REQUIRED WORK: Set down each line of the material that follows, exactly, with no pictures.
═══ SOURCE RECORDS ═══
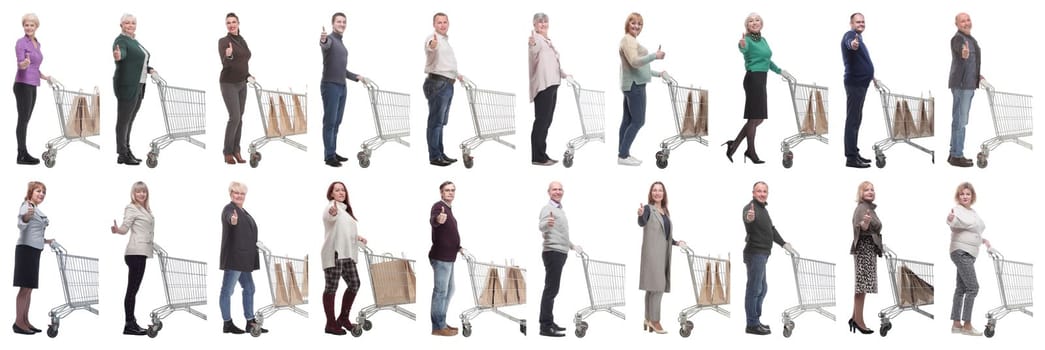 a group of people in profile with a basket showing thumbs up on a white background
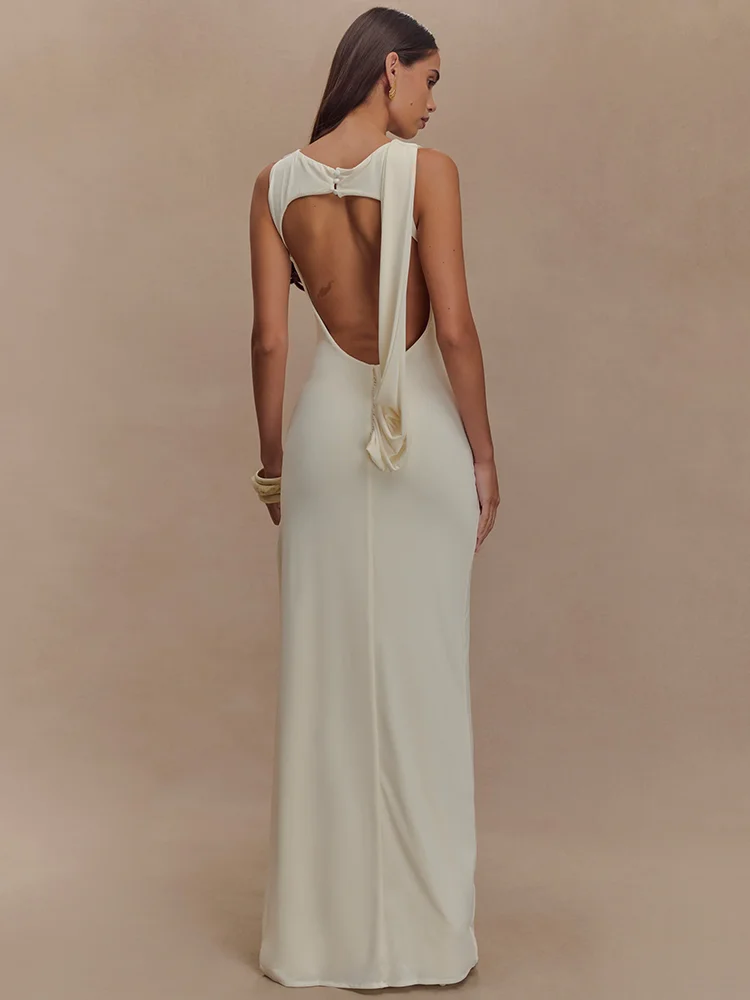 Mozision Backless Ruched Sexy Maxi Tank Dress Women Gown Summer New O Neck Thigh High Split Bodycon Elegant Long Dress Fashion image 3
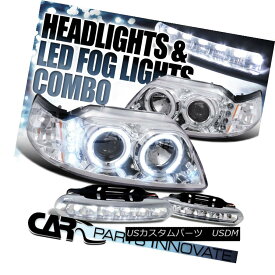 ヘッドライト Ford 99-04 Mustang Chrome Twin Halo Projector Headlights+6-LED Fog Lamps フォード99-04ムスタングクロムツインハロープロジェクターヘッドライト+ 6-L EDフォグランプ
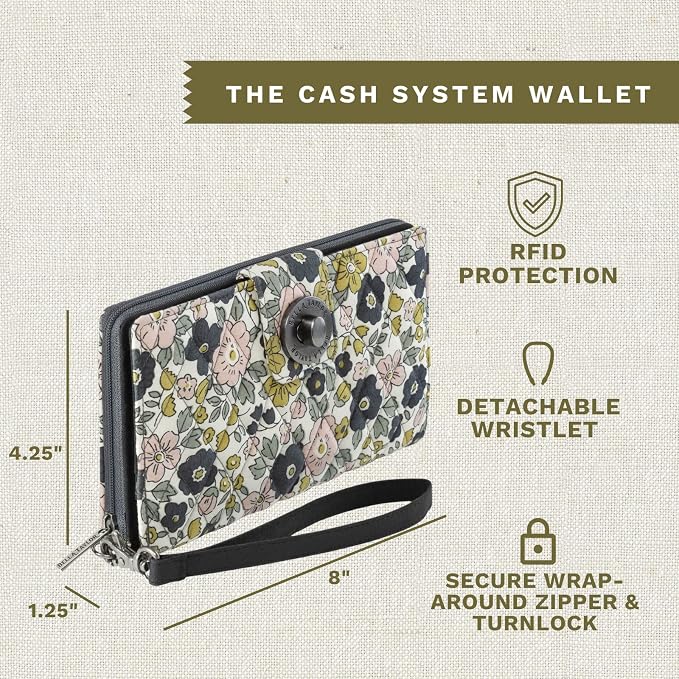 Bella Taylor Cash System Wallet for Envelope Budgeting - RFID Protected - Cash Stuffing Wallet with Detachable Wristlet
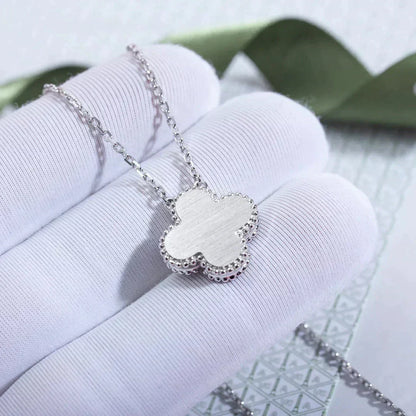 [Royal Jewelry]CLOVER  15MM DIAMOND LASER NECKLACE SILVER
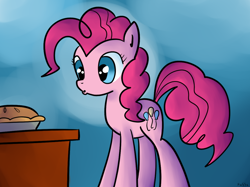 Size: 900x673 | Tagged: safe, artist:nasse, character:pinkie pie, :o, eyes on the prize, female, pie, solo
═══
RESPONSE AREA:
 a group of people in profile with a basket showing thumbs up on a white background
 Mozision Backless Ruched Sexy Maxi Tank Dress Women Gown Summer New O Neck Thigh High Split Bodycon Elegant Long Dress Fashion image 3
 ヘッドライト Ford 99-04 Mustang Chrome Twin Halo Projector Headlights+6-LED Fog Lamps フォード99-04ムスタングクロムツインハロープロジェクターヘッドライト+ 6-L EDフォグランプ
 Bella Taylor Cash System Wallet for Envelope Budgeting - RFID Protected - Cash Stuffing Wallet with Detachable Wristlet
 [Royal Jewelry]CLOVER  15MM DIAMOND LASER NECKLACE SILVER
 Size: 900x673 | Tagged: safe, artist:nasse, character:pinkie pie, :o, eyes on the prize, female, pie, solo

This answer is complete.